Foreign investors sold a record 63.2 trillion won (approximately $46B) from Korea's stock market in the first three months of 2026. KOSPI still climbed to 6,200.
That's the paradox Korean retail investors are trying to make sense of today.
What happened? On April 16, KOSPI hit an intraday high of 6,214.99 (+2.03%), breaching the 6,200 level for the first time since the US-Israel-Iran war broke out on February 27. The pre-war KOSPI peak was 6,347 on the same day. A circuit breaker fired on March 3, and March 4 saw the largest single-day drop in KOSPI history (-12.06%).

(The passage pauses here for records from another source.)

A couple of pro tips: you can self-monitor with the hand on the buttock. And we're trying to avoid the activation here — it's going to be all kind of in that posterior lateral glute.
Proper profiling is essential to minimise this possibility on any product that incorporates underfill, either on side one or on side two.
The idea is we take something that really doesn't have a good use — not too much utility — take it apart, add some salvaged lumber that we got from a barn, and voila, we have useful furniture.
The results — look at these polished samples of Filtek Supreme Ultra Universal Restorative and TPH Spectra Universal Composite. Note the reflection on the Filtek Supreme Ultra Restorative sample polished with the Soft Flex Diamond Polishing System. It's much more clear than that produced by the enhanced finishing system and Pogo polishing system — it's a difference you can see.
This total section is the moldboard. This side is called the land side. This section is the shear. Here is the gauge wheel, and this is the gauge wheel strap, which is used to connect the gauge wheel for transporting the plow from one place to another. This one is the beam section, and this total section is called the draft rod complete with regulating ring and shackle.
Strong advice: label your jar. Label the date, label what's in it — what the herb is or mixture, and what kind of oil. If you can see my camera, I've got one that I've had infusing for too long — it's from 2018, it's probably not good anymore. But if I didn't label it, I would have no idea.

Who's been buying? Domestic institutions. On April 16, institutions bought a net 725 billion won by 10:55 AM, while foreigners sold a modest 44.8 billion and retail investors offloaded 681.8 billion. This is a dramatically different pattern from March, when foreign outflows averaged over 2 trillion won per day.
Why did foreigners flee? Three compounding shocks hit simultaneously. First, geopolitical panic as the Iran conflict sent global money racing to safe havens — European funds sold 26.4 trillion won and US funds sold 9.8 trillion. Second, a currency crash pushed USD/KRW to 1,530 won by March end, layering exchange losses on top of stock losses. Third, US tariff hikes on Korean goods from 15% to 25% clouded the manufacturing-heavy KOSPI's earnings outlook.

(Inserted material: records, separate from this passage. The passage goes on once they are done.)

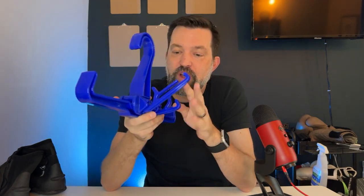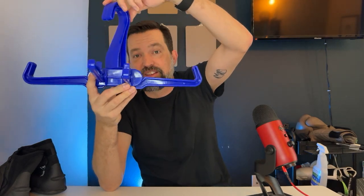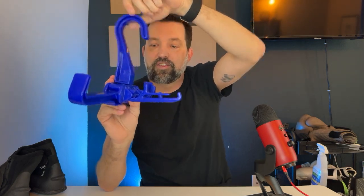Just to give you a quick overview of it: it's specifically designed with these ridges so that it'll hang your BCD and your BCD straps won't slip off of it. It's why it's got this hooked end on it. It's also got these flip-down parts that you can hang extra scuba equipment, like your regulator or other things, as it's drying.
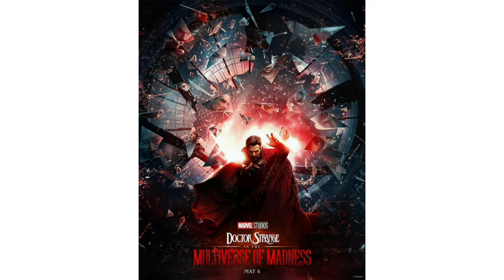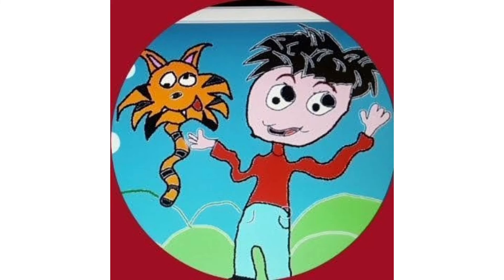We do have a Deadpool image there with him whispering. Then we have some other characters — we have the Illuminati, the Marvel Illuminati in there. We also have some What If...? things as well, with Captain Carter and her shield. There's a lot of hidden details there, it's a really cool thing, with all the glass breaking and each thing being a reflection.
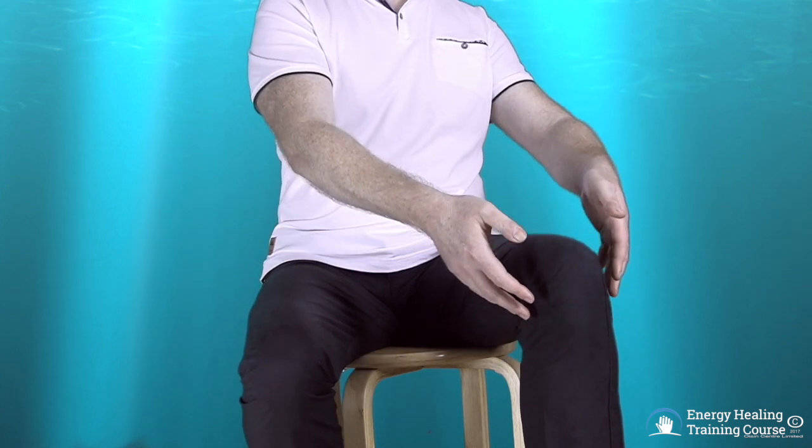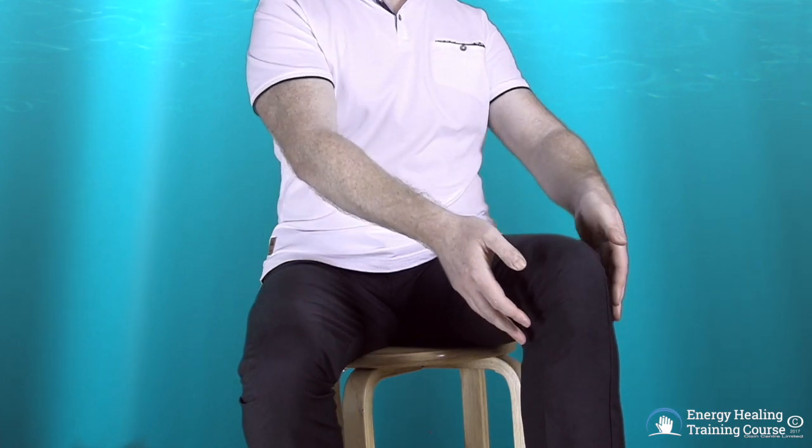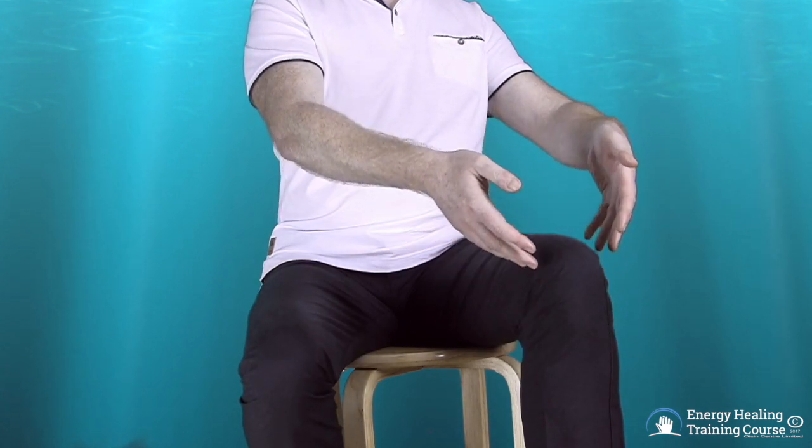Then draw your hands from each side of your knee like you are removing cobwebs from all around your knee, and then throw these imaginary cobwebs away to one side. Repeat this draw out movement ten times.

Can institutions carry the market alone? The case for yes: KOSPI's 12-month forward EPS surged from 666.6 to 814.9 points between March 31 and April 10, driven by Samsung Electronics and SK Hynix earnings surprises. The case for no: foreign ownership has fallen to 30.7% of market cap (historically 33-35%), and without foreign buying, the 6,300-6,350 resistance zone may cap the rally.
Scenario outlook: Base case (55%) is sideways 6,100-6,300 as institutions absorb the earnings season and geopolitics remain in a lull. Bull case (20%) requires the Iran ceasefire to become official and USD/KRW to re-anchor below 1,480. Bear case (25%) triggers if war escalates or tariff talks break down.
The single most important indicator to watch: whether foreign selling tomorrow is larger or smaller than today. That direction tells you more about KOSPI's support at 6,200 than any technical analysis.